YOUR TASK: What do the lines from the top of the data through the line with "Building Photo - 5625 Antoine Dr" say? Quote them exactly and include both ends.

Start of RAW DATA

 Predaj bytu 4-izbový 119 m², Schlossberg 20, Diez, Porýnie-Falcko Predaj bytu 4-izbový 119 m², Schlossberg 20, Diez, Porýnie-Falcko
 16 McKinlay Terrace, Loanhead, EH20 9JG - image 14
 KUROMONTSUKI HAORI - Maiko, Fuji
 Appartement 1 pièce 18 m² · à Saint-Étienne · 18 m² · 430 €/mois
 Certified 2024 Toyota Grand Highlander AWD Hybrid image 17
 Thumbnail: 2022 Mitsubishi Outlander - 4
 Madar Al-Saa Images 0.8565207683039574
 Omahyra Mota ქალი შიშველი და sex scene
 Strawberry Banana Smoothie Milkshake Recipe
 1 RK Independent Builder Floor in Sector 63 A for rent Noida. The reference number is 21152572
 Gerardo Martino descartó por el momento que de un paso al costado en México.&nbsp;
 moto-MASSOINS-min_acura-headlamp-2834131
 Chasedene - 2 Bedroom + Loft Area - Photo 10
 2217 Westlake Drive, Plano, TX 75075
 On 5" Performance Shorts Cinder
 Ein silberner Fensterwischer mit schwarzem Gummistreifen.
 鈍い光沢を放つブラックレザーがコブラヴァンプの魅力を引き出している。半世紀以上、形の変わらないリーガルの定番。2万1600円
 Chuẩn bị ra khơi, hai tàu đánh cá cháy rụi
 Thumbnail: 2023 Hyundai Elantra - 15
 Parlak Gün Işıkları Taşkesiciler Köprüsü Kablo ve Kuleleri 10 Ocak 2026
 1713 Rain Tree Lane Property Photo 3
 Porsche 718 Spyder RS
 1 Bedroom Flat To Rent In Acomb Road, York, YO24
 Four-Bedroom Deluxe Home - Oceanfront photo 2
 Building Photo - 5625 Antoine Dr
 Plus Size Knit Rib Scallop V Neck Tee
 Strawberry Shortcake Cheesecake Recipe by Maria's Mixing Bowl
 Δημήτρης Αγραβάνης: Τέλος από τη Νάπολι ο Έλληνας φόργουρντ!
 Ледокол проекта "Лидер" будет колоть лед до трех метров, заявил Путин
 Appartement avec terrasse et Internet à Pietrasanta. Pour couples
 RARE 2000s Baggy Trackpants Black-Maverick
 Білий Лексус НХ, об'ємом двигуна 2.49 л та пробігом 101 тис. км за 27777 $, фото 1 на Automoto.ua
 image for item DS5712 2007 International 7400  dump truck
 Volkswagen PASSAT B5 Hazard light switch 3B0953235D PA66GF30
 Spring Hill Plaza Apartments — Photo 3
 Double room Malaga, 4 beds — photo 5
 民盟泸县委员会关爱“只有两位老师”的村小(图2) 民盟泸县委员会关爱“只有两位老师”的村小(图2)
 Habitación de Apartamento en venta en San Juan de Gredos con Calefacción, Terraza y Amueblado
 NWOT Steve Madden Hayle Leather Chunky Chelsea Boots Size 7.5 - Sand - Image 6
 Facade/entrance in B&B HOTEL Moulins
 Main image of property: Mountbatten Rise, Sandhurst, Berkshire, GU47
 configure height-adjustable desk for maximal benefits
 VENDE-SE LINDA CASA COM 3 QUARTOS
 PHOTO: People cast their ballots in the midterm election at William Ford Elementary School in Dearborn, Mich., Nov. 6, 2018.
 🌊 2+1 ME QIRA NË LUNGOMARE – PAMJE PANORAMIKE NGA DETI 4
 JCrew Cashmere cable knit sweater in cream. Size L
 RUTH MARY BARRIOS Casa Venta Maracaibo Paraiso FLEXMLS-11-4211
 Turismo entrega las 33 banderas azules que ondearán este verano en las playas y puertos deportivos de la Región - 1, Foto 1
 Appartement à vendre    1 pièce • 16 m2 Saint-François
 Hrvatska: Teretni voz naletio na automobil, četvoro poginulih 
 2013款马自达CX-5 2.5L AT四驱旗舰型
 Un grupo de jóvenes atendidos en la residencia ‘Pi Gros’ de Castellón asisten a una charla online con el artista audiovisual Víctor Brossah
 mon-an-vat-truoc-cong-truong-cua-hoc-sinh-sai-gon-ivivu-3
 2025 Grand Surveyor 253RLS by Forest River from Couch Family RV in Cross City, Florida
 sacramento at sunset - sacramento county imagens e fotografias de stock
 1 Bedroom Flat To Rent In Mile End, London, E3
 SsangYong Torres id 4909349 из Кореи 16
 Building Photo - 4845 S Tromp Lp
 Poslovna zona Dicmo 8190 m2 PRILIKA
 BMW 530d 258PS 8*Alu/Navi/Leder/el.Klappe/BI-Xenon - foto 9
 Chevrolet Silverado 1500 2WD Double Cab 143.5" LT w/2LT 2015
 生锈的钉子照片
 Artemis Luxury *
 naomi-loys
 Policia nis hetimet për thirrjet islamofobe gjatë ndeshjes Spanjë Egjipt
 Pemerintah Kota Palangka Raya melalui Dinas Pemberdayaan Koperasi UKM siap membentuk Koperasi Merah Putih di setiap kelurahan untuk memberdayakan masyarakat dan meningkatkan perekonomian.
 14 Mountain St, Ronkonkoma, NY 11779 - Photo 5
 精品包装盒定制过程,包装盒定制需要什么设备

End of RAW DATA

YOUR SOLUTION:
 Predaj bytu 4-izbový 119 m², Schlossberg 20, Diez, Porýnie-Falcko Predaj bytu 4-izbový 119 m², Schlossberg 20, Diez, Porýnie-Falcko
 16 McKinlay Terrace, Loanhead, EH20 9JG - image 14
 KUROMONTSUKI HAORI - Maiko, Fuji
 Appartement 1 pièce 18 m² · à Saint-Étienne · 18 m² · 430 €/mois
 Certified 2024 Toyota Grand Highlander AWD Hybrid image 17
 Thumbnail: 2022 Mitsubishi Outlander - 4
 Madar Al-Saa Images 0.8565207683039574
 Omahyra Mota ქალი შიშველი და sex scene
 Strawberry Banana Smoothie Milkshake Recipe
 1 RK Independent Builder Floor in Sector 63 A for rent Noida. The reference number is 21152572
 Gerardo Martino descartó por el momento que de un paso al costado en México.&nbsp;
 moto-MASSOINS-min_acura-headlamp-2834131
 Chasedene - 2 Bedroom + Loft Area - Photo 10
 2217 Westlake Drive, Plano, TX 75075
 On 5" Performance Shorts Cinder
 Ein silberner Fensterwischer mit schwarzem Gummistreifen.
 鈍い光沢を放つブラックレザーがコブラヴァンプの魅力を引き出している。半世紀以上、形の変わらないリーガルの定番。2万1600円
 Chuẩn bị ra khơi, hai tàu đánh cá cháy rụi
 Thumbnail: 2023 Hyundai Elantra - 15
 Parlak Gün Işıkları Taşkesiciler Köprüsü Kablo ve Kuleleri 10 Ocak 2026
 1713 Rain Tree Lane Property Photo 3
 Porsche 718 Spyder RS
 1 Bedroom Flat To Rent In Acomb Road, York, YO24
 Four-Bedroom Deluxe Home - Oceanfront photo 2
 Building Photo - 5625 Antoine Dr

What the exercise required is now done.